> [Task statement]: Write out the data word for word and omit every picture.

> [Source material]:
■ ■ ■
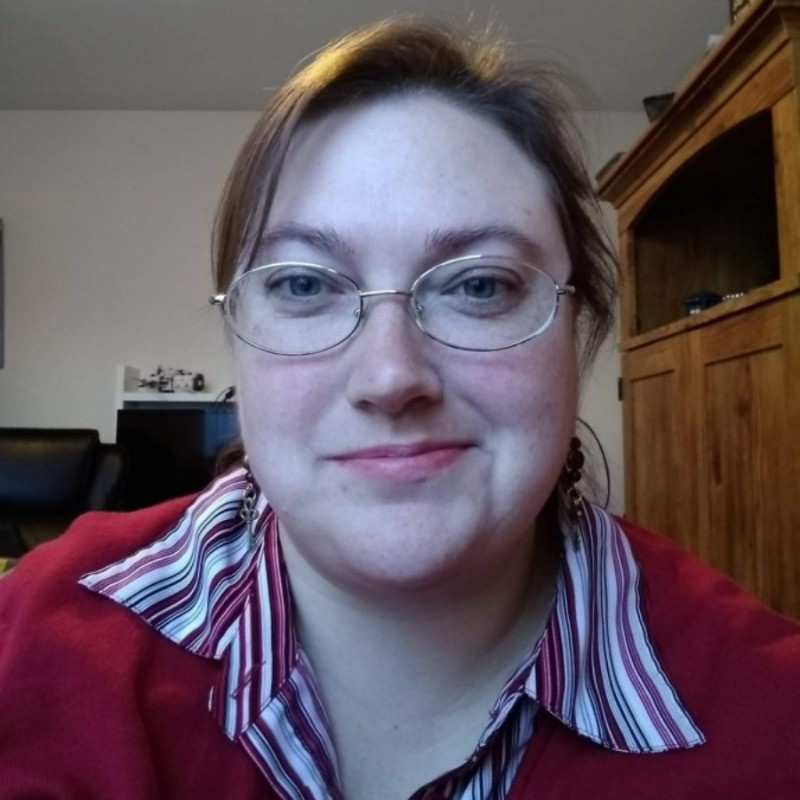 nancy roche literary theory criticism freelance expert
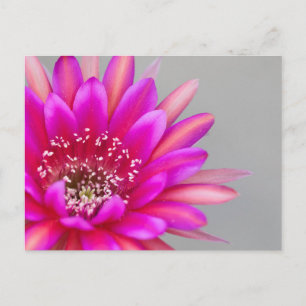 Carte Postale Pétales de fleurs de cactus rose vibrant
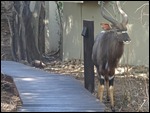 A Kudu next to the boardwalk to our room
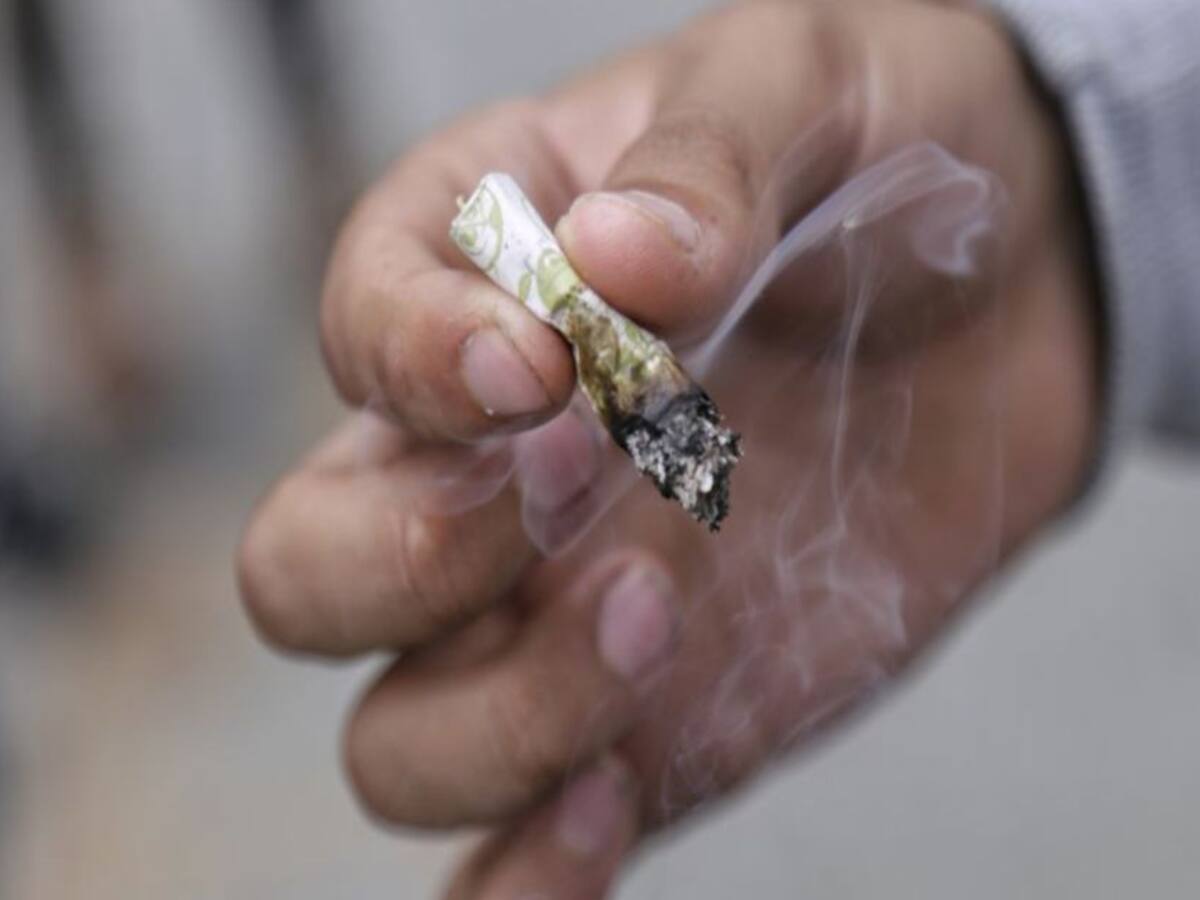 VIDEO: Plantean creación de "marihuanódromo" en Barrancabermeja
■ ■ ■
> [Answer for the task]:
 nancy roche literary theory criticism freelance expert
 Carte Postale Pétales de fleurs de cactus rose vibrant
 A Kudu next to the boardwalk to our room
 VIDEO: Plantean creación de "marihuanódromo" en Barrancabermeja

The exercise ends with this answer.